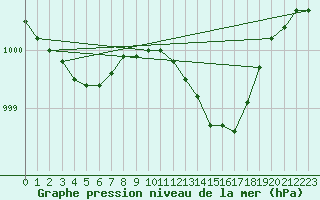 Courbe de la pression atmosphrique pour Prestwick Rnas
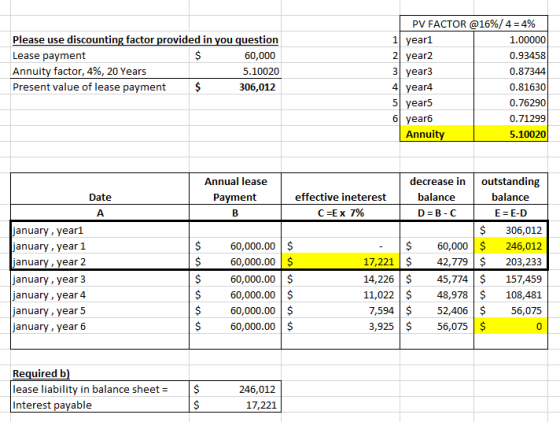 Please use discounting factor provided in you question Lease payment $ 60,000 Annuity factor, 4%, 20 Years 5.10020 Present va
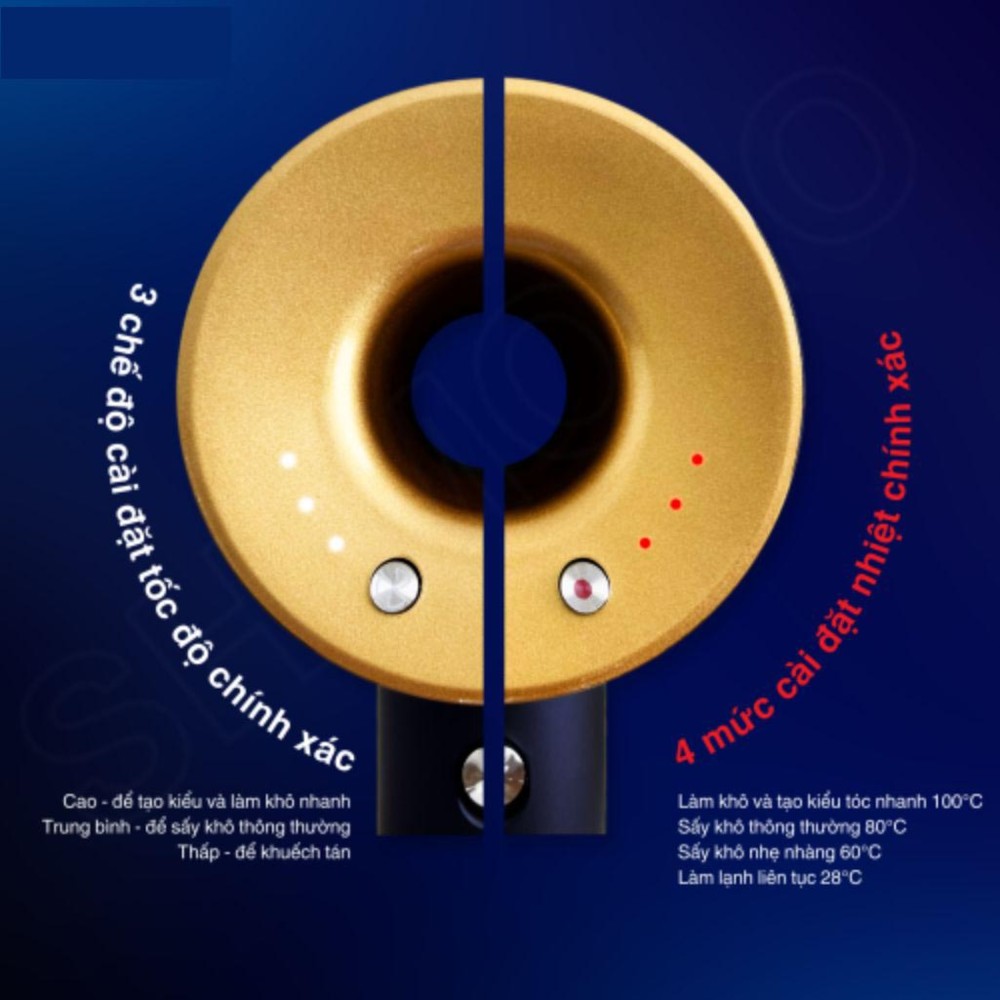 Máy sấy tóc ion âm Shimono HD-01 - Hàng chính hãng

= = = = = = =

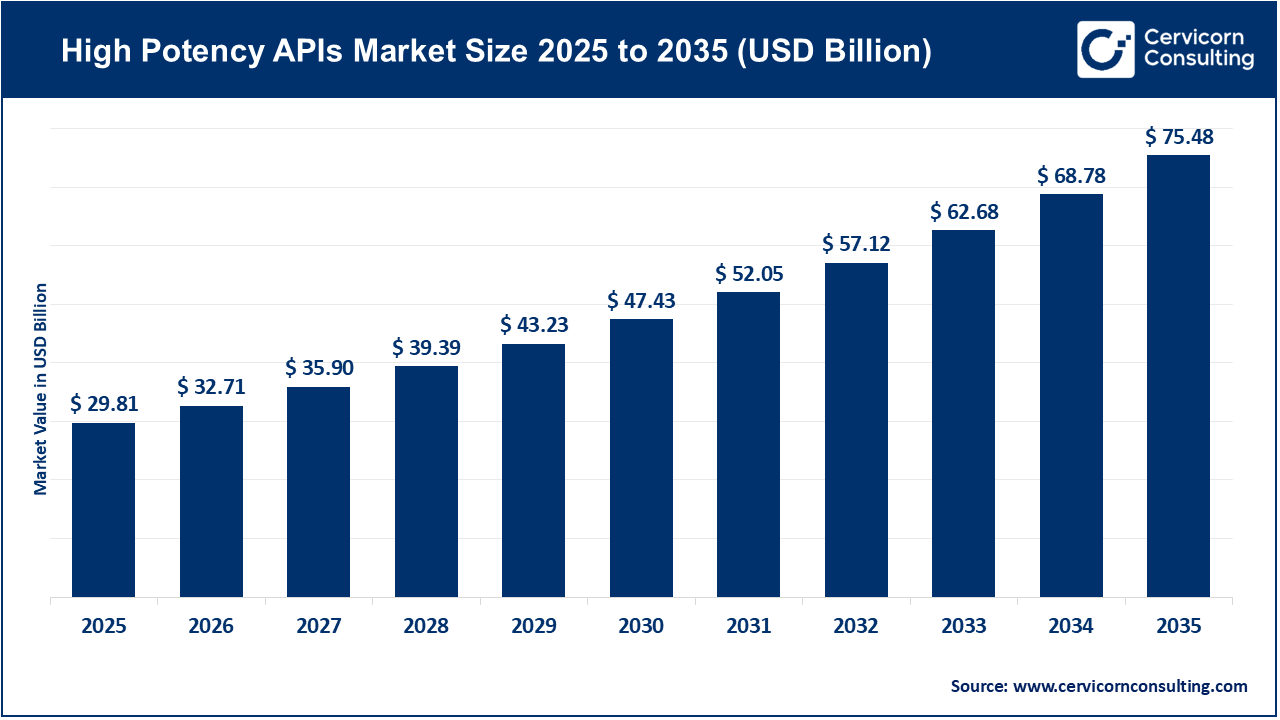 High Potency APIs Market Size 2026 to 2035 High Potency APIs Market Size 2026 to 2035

= = = = = = =

▶ **Problem**
Reproduce exactly, with no pictures, the lines above from the one holding "Courbe de la" to the one holding "Máy sấy tóc", inclusive.

▶ **Response to the task**
 Courbe de la pression atmosphrique pour Prestwick Rnas
 Please use discounting factor provided in you question Lease payment $ 60,000 Annuity factor, 4%, 20 Years 5.10020 Present va
 Máy sấy tóc ion âm Shimono HD-01 - Hàng chính hãng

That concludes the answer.